# Required action
Give every line of the data again, unchanged, but with no pictures.

# Supplied material
#####
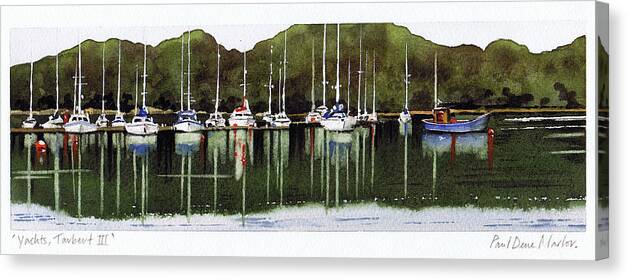 Yachts Canvas Print featuring the painting Yachts Tarbert iii by Paul Dene Marlor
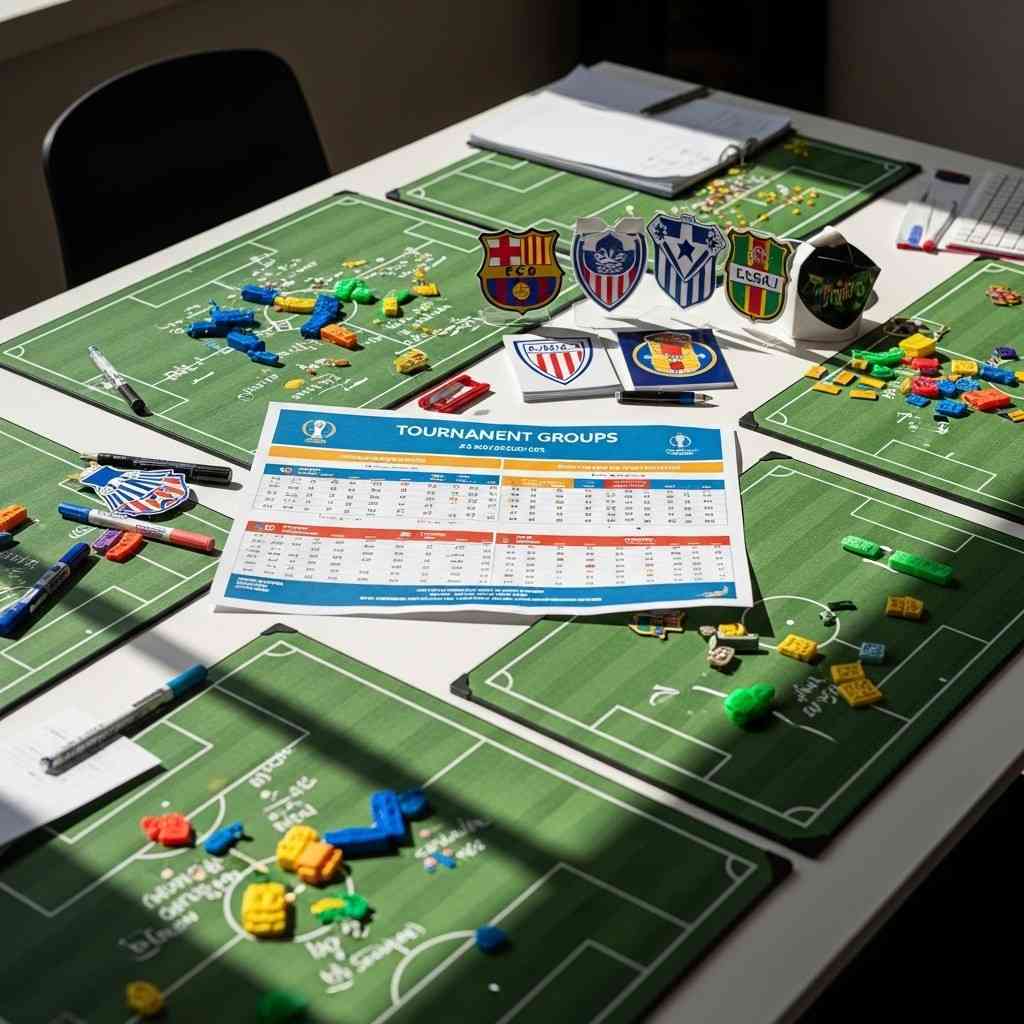Tableau tactique avec les groupes de football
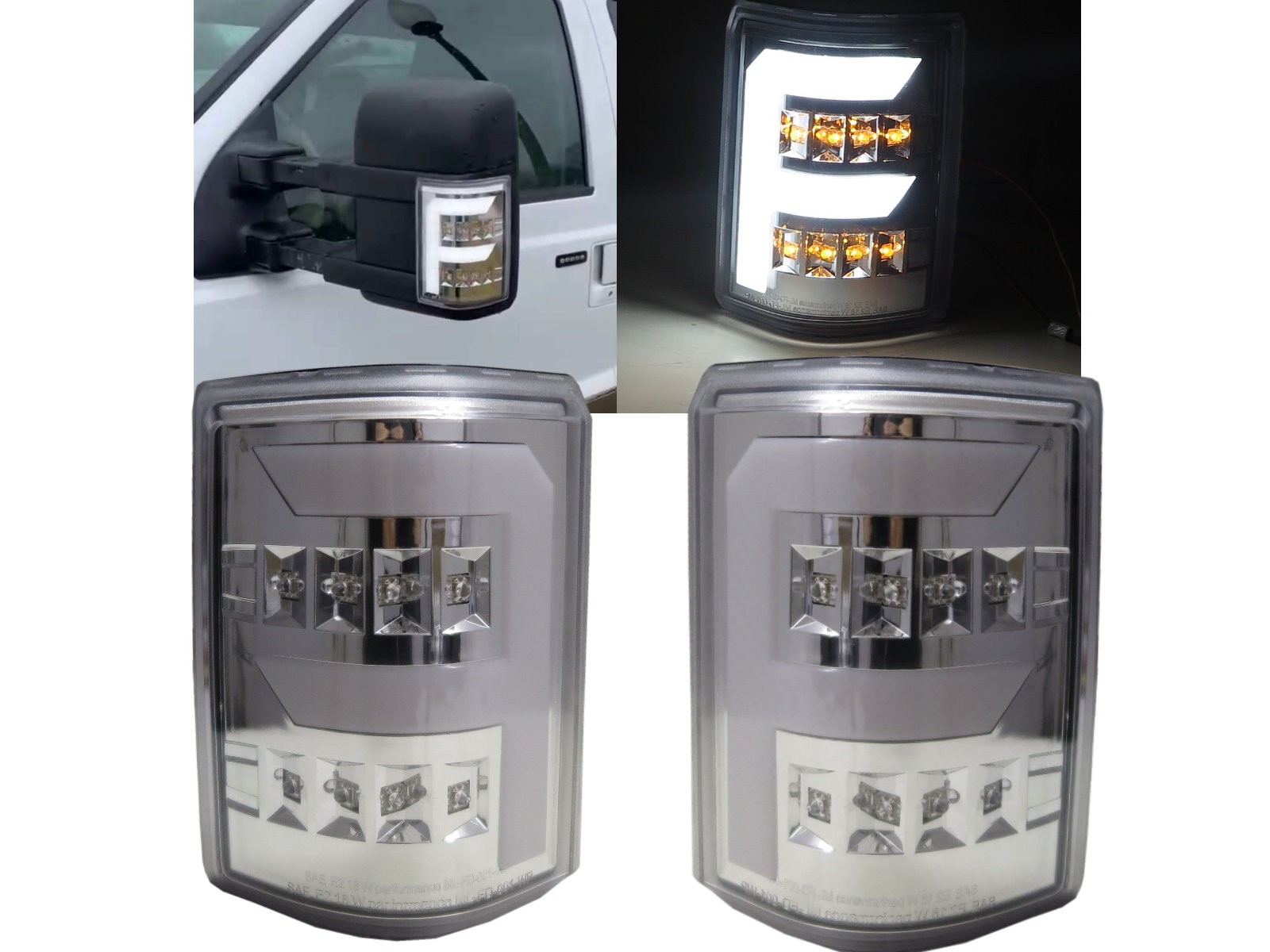 CrazyTheGod F250/F350/F450/F550/SUPER DUTY 2008-2016 Pickup Truck/Ute/Bakkie 2D LED FLook Mirror Light Chrome for FORD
#####
# Solution to this problem
 Yachts Canvas Print featuring the painting Yachts Tarbert iii by Paul Dene Marlor
Tableau tactique avec les groupes de football
 CrazyTheGod F250/F350/F450/F550/SUPER DUTY 2008-2016 Pickup Truck/Ute/Bakkie 2D LED FLook Mirror Light Chrome for FORD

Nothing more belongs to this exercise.